As of February 22, 2010, HHS is expected to begin enforcing the new breach notification requirements created by the privacy and security provisions within the HITECH Act. Although such requirements went into effect last fall, HHS gave covered entities and business associates a few months to adapt to the new rules. That enforcement delay is now over, and, perhaps in a related move, on February 23, 2010, HHS's Office of Civil Rights, pursuant to the HITECH Act, posted a list of organizations which reported breaches of unsecured protected health information affecting 500 or more individuals on OCR's web site. This should serve as a good reminder to providers and HIT vendors alike to be keenly aware of the new regulations on breach notification.
The HITECH Act required a covered entity that “accesses, maintains, retains, modifies, records, stores, destroys, or otherwise holds, uses, or discloses unsecured protected health information” to notify each individual “whose unsecured protected health information has been, or is reasonably believed by the covered entity to have been, accessed, acquired, or disclosed” due to the breach.
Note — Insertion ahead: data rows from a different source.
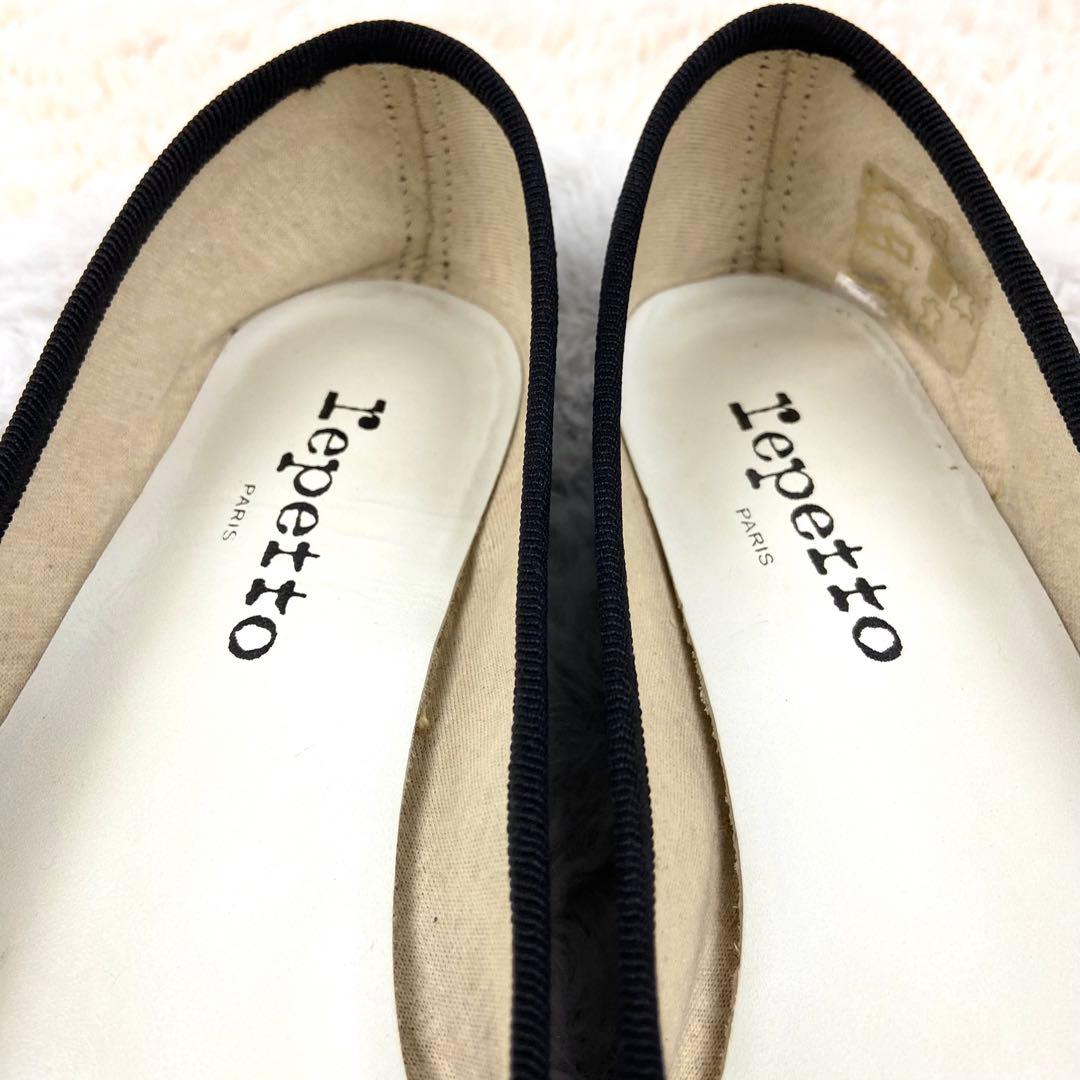 repetto レペット エナメル バレエシューズ フラット ブラック 38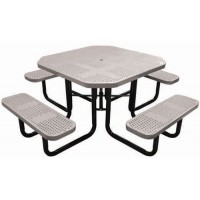 46 inch Octagonal Perforated Portable Table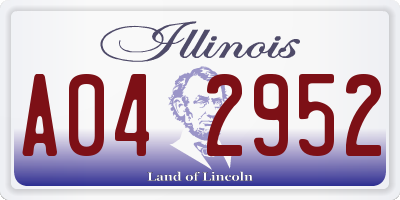 IL license plate A042952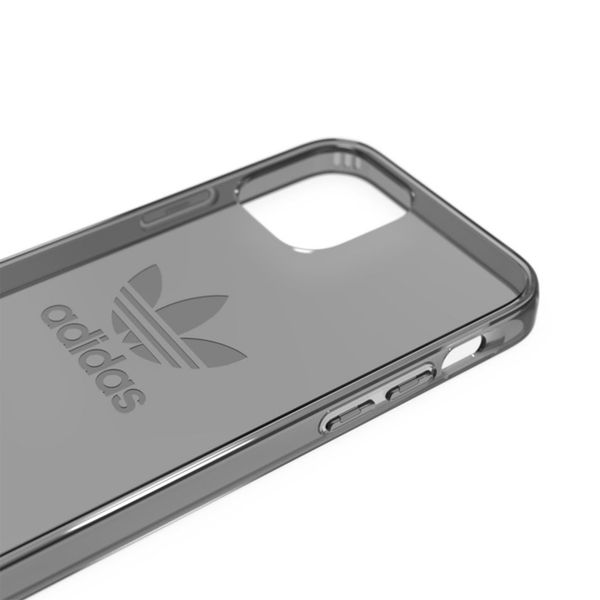 adidas Originals Coque Protective Clear iPhone 12 (Pro) - Smokey Black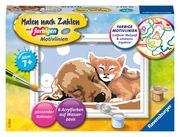 Ravensburger CreArt 20055 - Tierliebe - Malen nach Zahlen Hund und Katze für Kinder ab 9 Jahre  4005556200559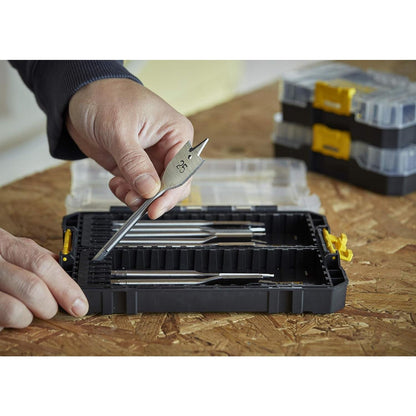 Set 8 Brocas Planas Madera FatMax 12-32mm - Stanley - Herram.cl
Business associates who discover a breach must notify the covered entity.
By regulation published in the Federal Register on August 24, 2009, HHS added a rather controversial "harm threshold" to this requirement: covered entities and business associates are required to notify the affected individual, the HHS, and, in some cases, the media, if such breach poses a significant risk of harm to the individual. This "harm threshold" essentially requires the organization which discovers a breach to undergo a risk assessment test to determine whether a breach would cause "significant harm" to the affected person.